Gamma-ray bursts or gravitational waves are both events that occur in a short time and can be detected across half the universe. But considering their nature, most black holes are hard to detect. Black holes do not emit any light or radiation and can silently lurk in space, with astronomers often unaware of their existence. Yet, there is a method to detect their presence: using the gravitational effects of black holes on other stars. In 2020, when astronomers observed the seemingly ordinary HR6819 star system, they found the trajectories of the two stars somewhat strange, unless there was a completely invisible celestial body at play. When calculating its mass, researchers realized the only truth: this celestial body must be a black hole. It is located just a thousand light-years away from Earth, right in the Milky Way Galaxy, making it the closest black hole discovered so far.

X-ray emissions

The black hole CygnusX-1 is devouring material from its huge blue companion star.

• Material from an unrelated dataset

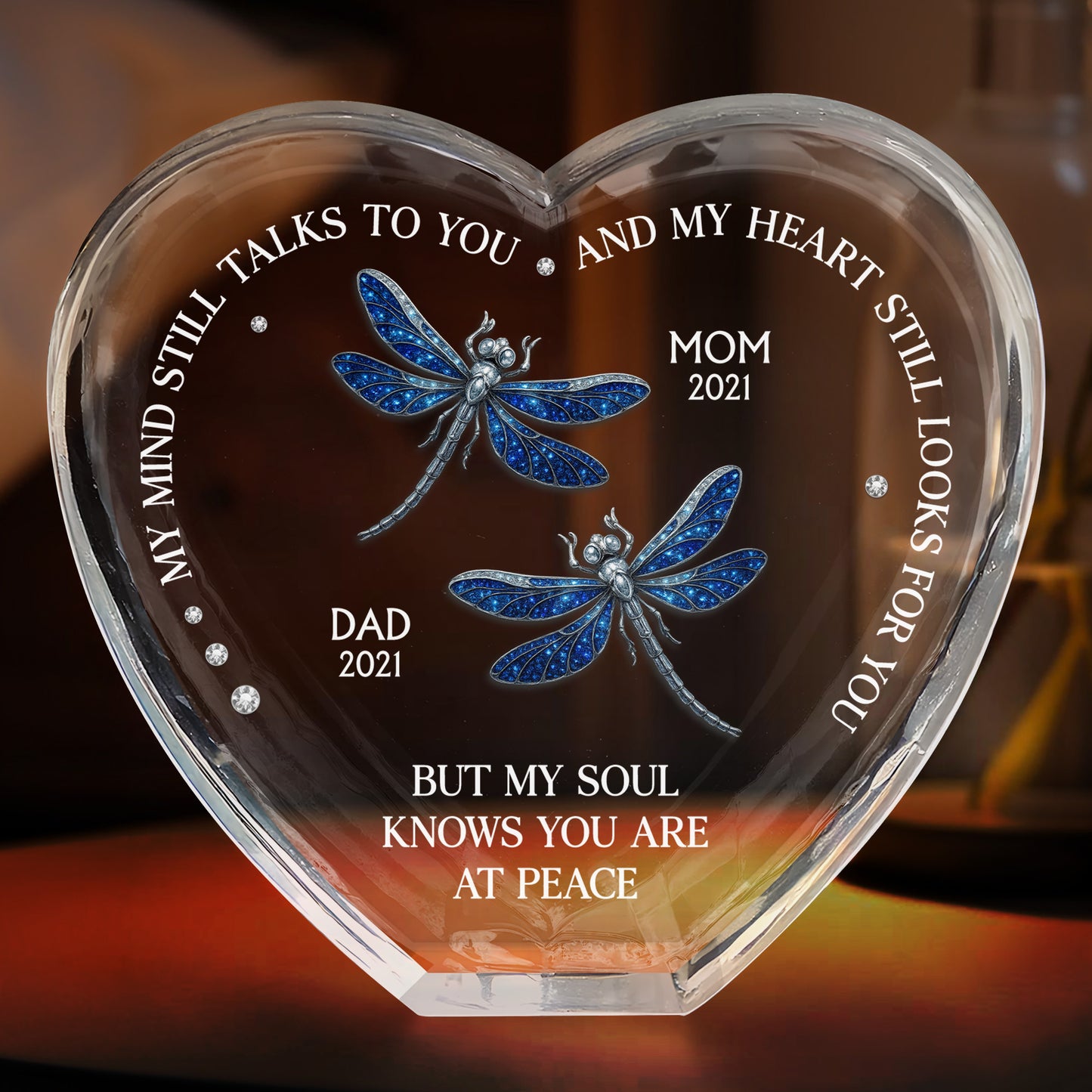 My Mind Still Talks To You, Red Cardinals, Hummingbirds, Butterflies - Personalized Crystal Heart - HME244_CHE
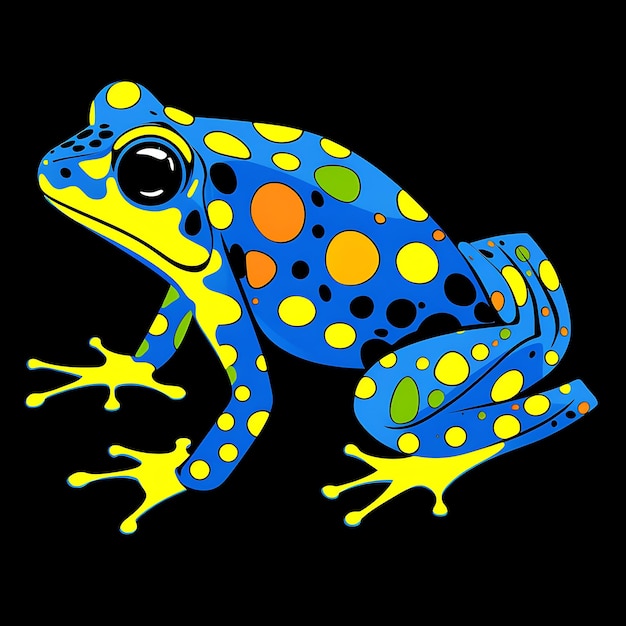 Animais Frame of Blue Poison Dart Froglet Design a Frame Reflecting 2D cute creative design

In 1971, scientists found evidence of black hole existence while researching a star system in the Milky Way Galaxy known as CygnusX-1. The X-ray emissions from this system are extraordinarily bright, but these emissions are not directly from the black hole or its visible companion star. Instead, they are generated by the accretion disk formed when the black hole devours stellar material. Just as mentioned for the HR6819 star system, astronomers can also use the visible star's trajectory to estimate the mass of the hidden celestial body in the CygnusX-1 system. The final calculated result shows the mass is about 21 times the solar mass, considering the relatively small space occupied by this celestial body, indicating it can only be a black hole, without the need to consider other possibilities.

Supermassive black holes

The center of the Milky Way Galaxy also contains a supermassive black hole.

Aside from black holes formed by stellar collapse, evidence suggests that galactic centers may harbor supermassive black holes, with mass reaching several million or even billions of times that of the Sun, possibly existing since the early universe. In so-called "active galaxies," the evidence of the existence of supermassive black holes is spectacular. According to NASA, these galactic centers surrounded by accretion disks release extremely strong emission across various wavelengths. There is also a black hole in the center of the Milky Way Galaxy, as we observe the astonishing rotation speeds of stars in that region, reaching 8% of the speed of light, indicating they are surely orbiting a celestial body that is extremely small but extremely massive. Current estimates suggest the black hole at the center of the Milky Way Galaxy is about 4 million times the mass of the Sun.